WHAT IS EXPECTED ▸ The pictures in the listing below are to be skipped, while the lines between the line holding "Рено Мастер 2018" and the line holding "مدارس شهرستان قدس", inclusive, are to be output exactly.

DATA ▸

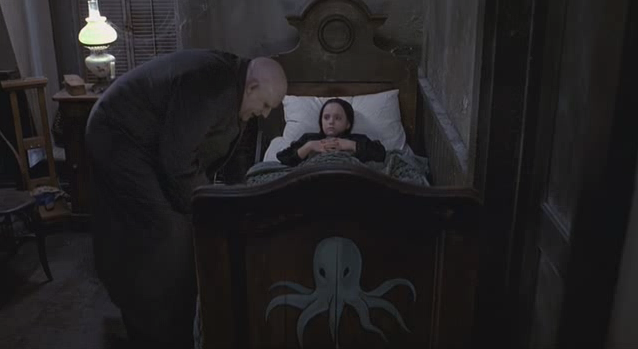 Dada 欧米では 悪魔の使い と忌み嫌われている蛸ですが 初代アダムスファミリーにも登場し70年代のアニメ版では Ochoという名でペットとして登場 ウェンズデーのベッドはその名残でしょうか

--

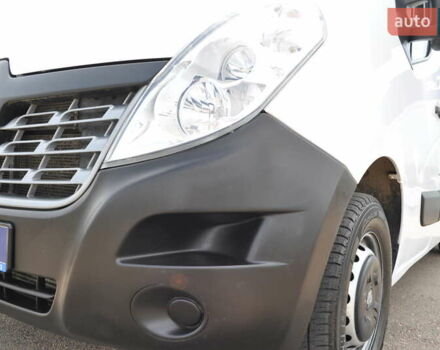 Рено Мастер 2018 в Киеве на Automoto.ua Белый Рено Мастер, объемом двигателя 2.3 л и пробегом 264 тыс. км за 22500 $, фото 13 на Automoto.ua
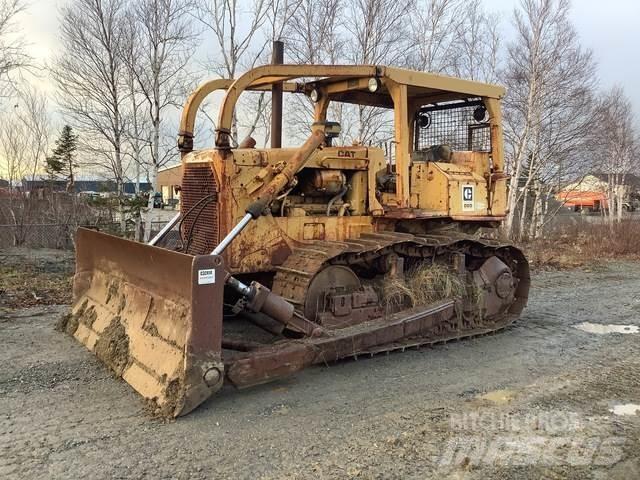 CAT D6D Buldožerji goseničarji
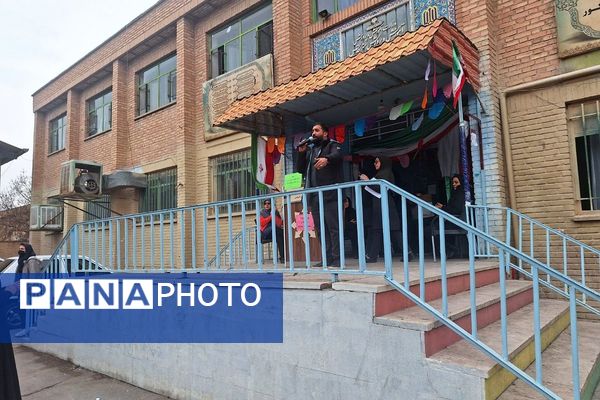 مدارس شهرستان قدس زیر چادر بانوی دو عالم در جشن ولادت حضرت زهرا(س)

==

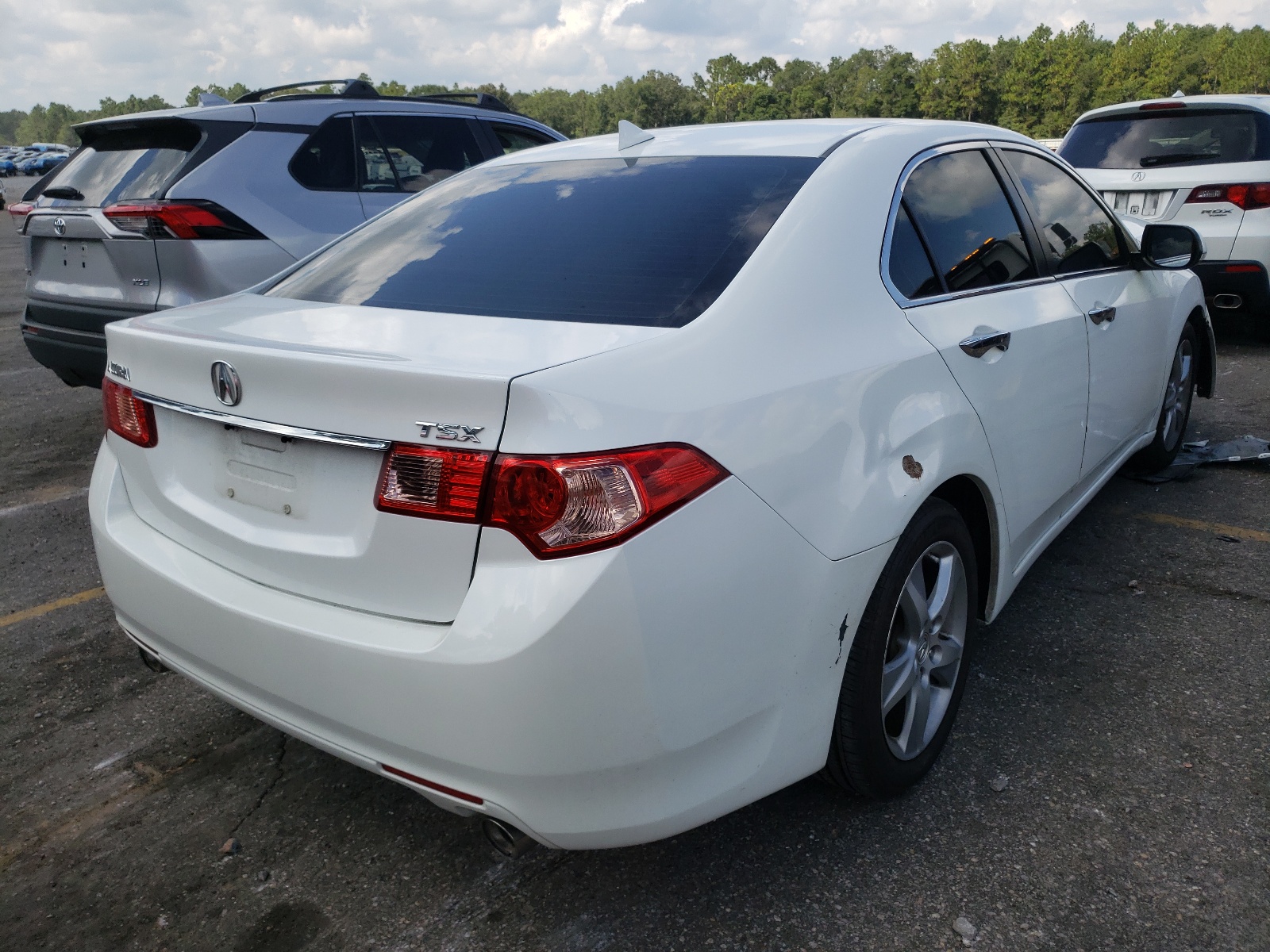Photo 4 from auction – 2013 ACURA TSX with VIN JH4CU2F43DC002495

ANSWER SPACE ▸
 Рено Мастер 2018 в Киеве на Automoto.ua Белый Рено Мастер, объемом двигателя 2.3 л и пробегом 264 тыс. км за 22500 $, фото 13 на Automoto.ua
 CAT D6D Buldožerji goseničarji
 مدارس شهرستان قدس زیر چادر بانوی دو عالم در جشن ولادت حضرت زهرا(س)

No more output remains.